### What is expected
From the listing below, select every line where the word "with" appears.

### Dataset content
##########

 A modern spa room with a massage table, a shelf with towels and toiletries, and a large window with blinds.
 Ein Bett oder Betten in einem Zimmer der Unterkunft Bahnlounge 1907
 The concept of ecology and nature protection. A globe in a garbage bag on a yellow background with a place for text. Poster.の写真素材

##########

### Worked solution
 A modern spa room with a massage table, a shelf with towels and toiletries, and a large window with blinds.
 The concept of ecology and nature protection. A globe in a garbage bag on a yellow background with a place for text. Poster.の写真素材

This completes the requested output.